Avec un drap de lit, un couvre lit, une petite robe, on faisait des mouchoirs. Les
tissus des mouchoirs actuels sont moins absorbants.
J’ai même
eu un tablier double face pour aller à l’école, avec une poche à l’endroit et
une poche à l’envers. »
Madame
Joséphine, née en 1925, a vécu sa jeunesse à la campagne dans une ferme.
« On réutilisait tout. Comme
on ne mettait pas de détergent dans l’eau de vaisselle alors on pouvait la
donner aux cochons qui mangeaient aussi tous les restes de la cuisine.
On faisait du fromage et les
voisins venaient en acheter. Ils apportaient eux-mêmes leurs boîtes et leur
cruche pour le lait. Pour la viande, on tuait de temps en temps, un cochon et
on le préparait entièrement. Comme on n’avait pas de congélateur, on le mettait
dans le sel dans des pots en grès, dans la cave. A la ferme, on n’avait pas l’eau alimentaire,
mais il y avait des puits dans toutes les fermes. On puisait l’eau puis on
l’entreposait dans la cave. Pour se laver, pour la lessive, on utilisait l’eau
de pluie. »
Madame
Simone, née en 1927, a vécu sa jeunesse à la campagne.
« Il me semble qu’on n’avait
pas de poubelles ou en tout cas pas beaucoup. Les épluchures des pommes de
terre, on les jetait dans le feu. Au
magasin, tout était à peser, on achetait des grains de café qu’on nous mettait
dans un sachet ou dans une boîte et on devait les moudre à la maison, le sucre
était dans des boîtes en carton. Je me souviens de ma grand-mère qui était
épicière : on venait chez elle avec des bouteilles qu’on remplissait de
vinaigre, d’huile, …. Je crois que toutes les bouteilles étaient consignées. On
nous les mettait puis on les rendait. Il n’y avait pas de nourriture déjà
emballée. On achetait le lait, le beurre, les œufs et le fromage à la
ferme. »
Madame
Jeanne, née en 1923, a vécu sa jeunesse dans une petite ville.
« Il y avait beaucoup de
métiers qui n’existent plus. Un rémouleur passait deux ou trois fois par année
pour aiguiser les couteaux, le laitier déposait des bouteilles de lait en verre
puis qui les reprenait la semaine suivante. Je me souviens d’un fermier qui
venait chaque semaine à vélo nous vendre ses œufs. Mon père racontait qu’il
avait connu un vendeur de lait qui faisait sa tournée avec une carriole tirée
par un grand chien.
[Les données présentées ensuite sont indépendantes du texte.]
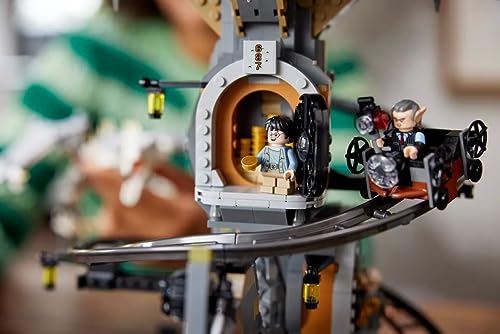 LEGO Harry Potter Gringotts Wizard Bench Collector's Edition Multicolor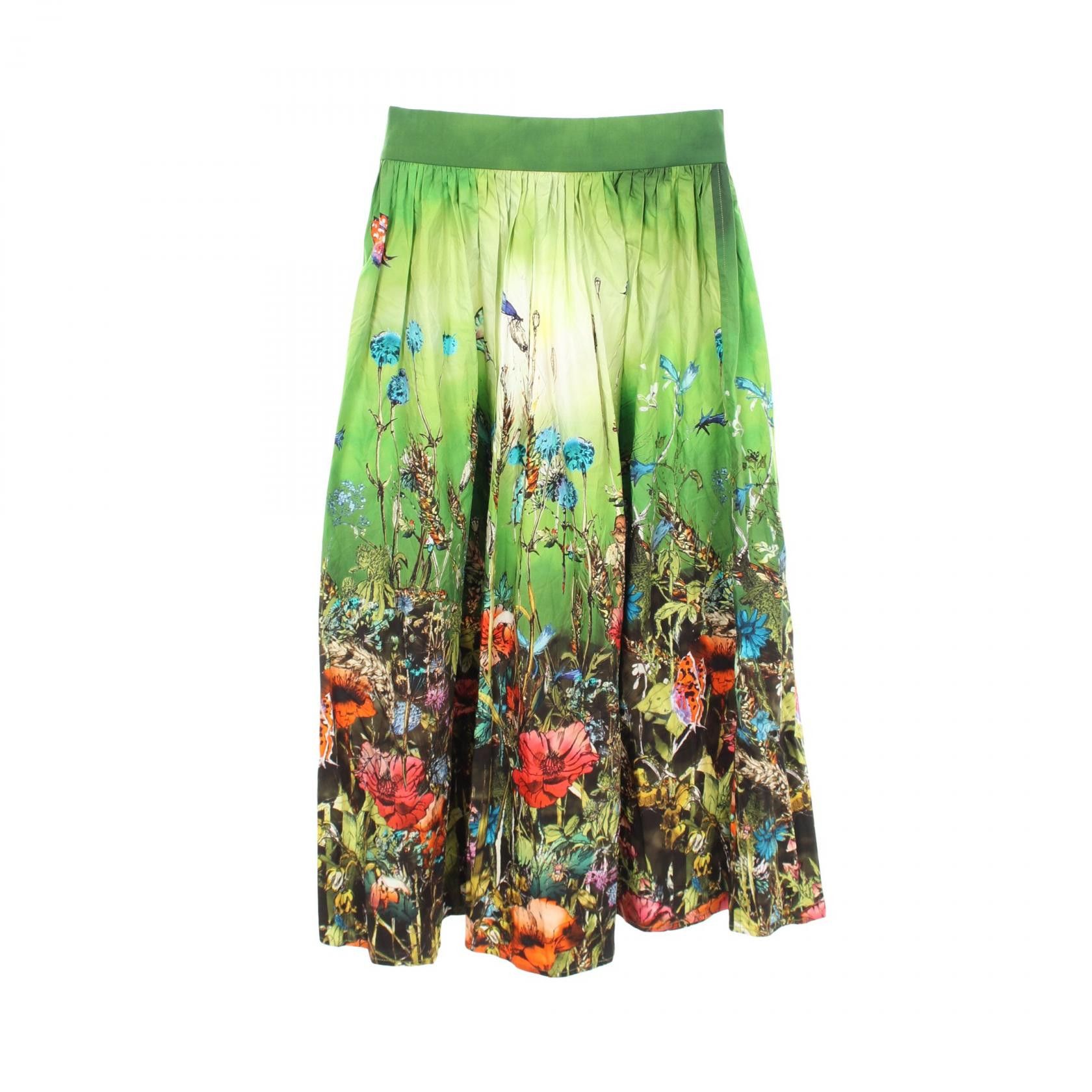 Dior Dior Dior Cotton Skirt Textile Skirts DUTY FREE for USA Size ONE SIZE - 2 Thumbnail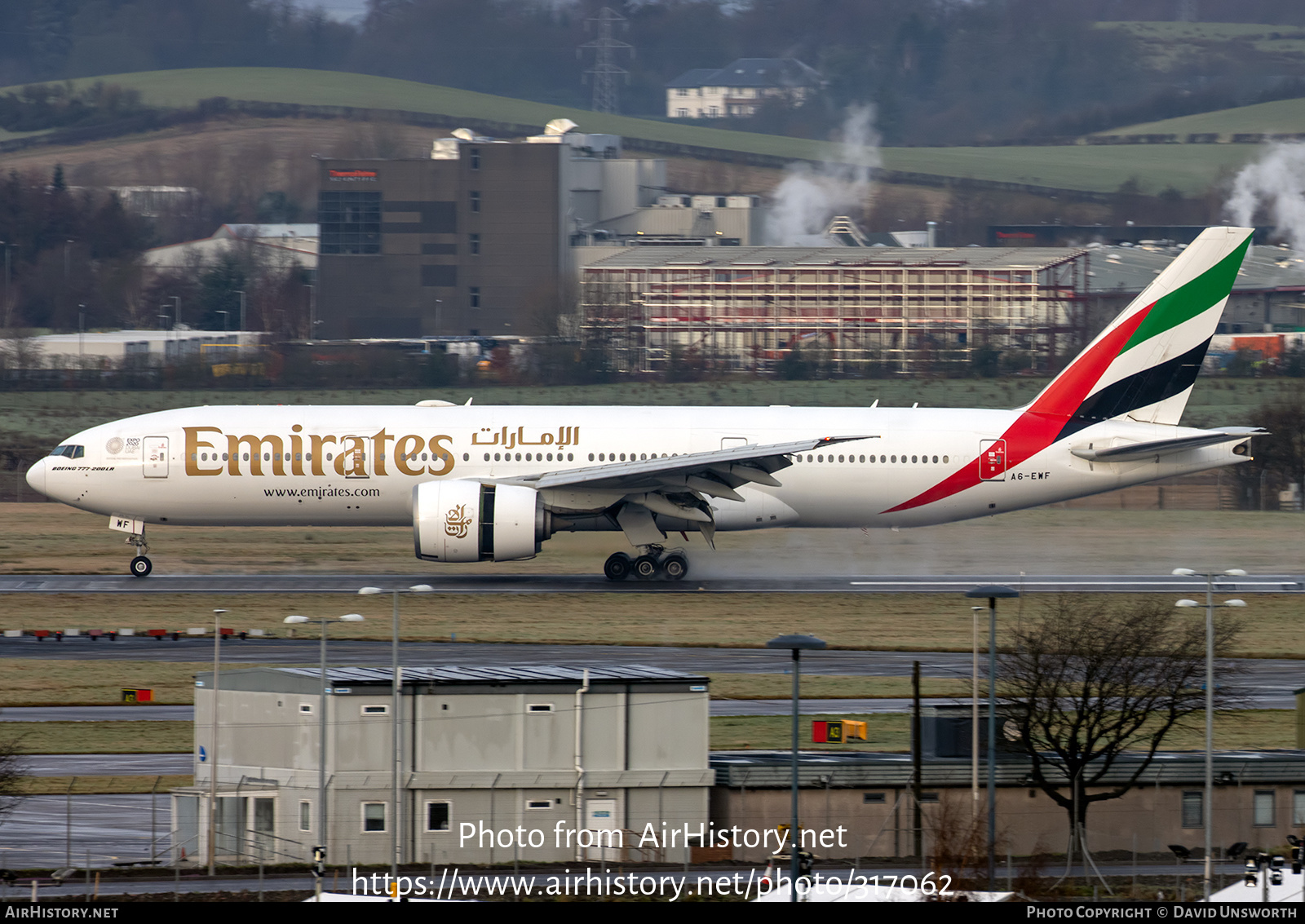 Aircraft Photo of A6-EWF | Boeing 777-21H/LR | Emirates | AirHistory.net #317062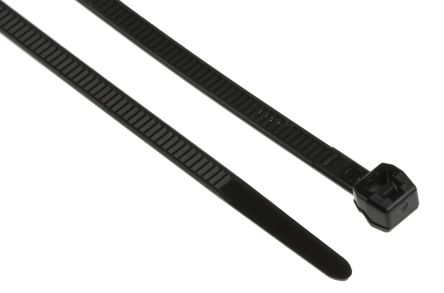 HellermannTyton 118-04900 T30LOS-PA66HS-BK 产品图片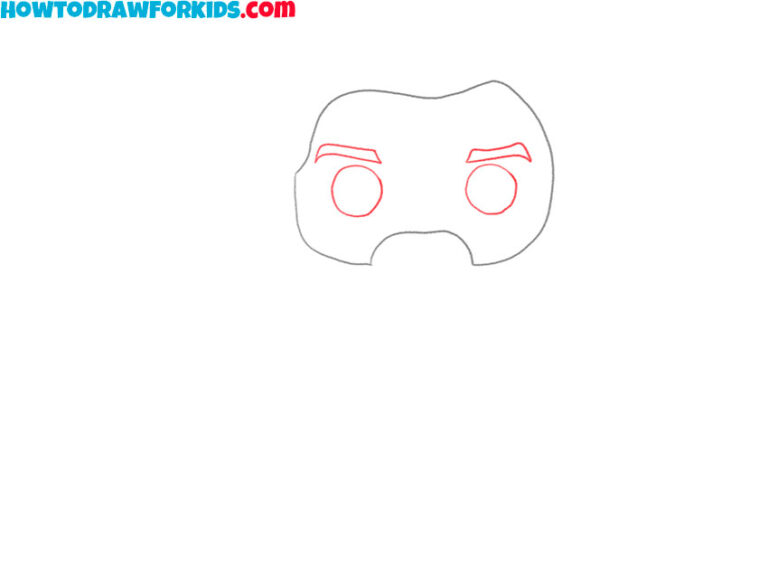 How to Draw Obi-Wan Kenobi - Easy Drawing Tutorial For Kids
Quand j’étais jeune, on n’avait ni téléphone, ni radio, ni
télévision. C’était une autre vie (…) mais je ne rappelle pas qu’on avait des
poubelles. »
Madame
Marie, née en 1930, couturière, a vécu toute sa vie à la campagne.
« On peut dire que pour
s’habiller, on a toujours recyclé. On retournait les cols de chemise quand ils
étaient usés. C’était devenu tellement naturel que même ma fille le fait encore
pour les chemises de son mari, quand elle aime bien le tissu. On recoupait les
manches usées, on rapiéçait les vêtements, la literie, on raccommodait les
chaussettes trouées. On ne jetait rien. On récupérait les bouts de tissus, de
lainage, … pour faire des flocons pour rembourrer les coussins ou les matelas.
Comme les tissus étaient en coton, on utilisait aussi les restes pour en faire
des mouchoirs qu’on brodait à nos initiales. Quand un pull était trop petit ou
troué et qu’on ne savait pas le réparer, on le détricotait et on réutilisait la
laine pour un nouveau tricot. Pour
avoir un fil plus épais et plus solide, on utilisait deux fils ensemble.»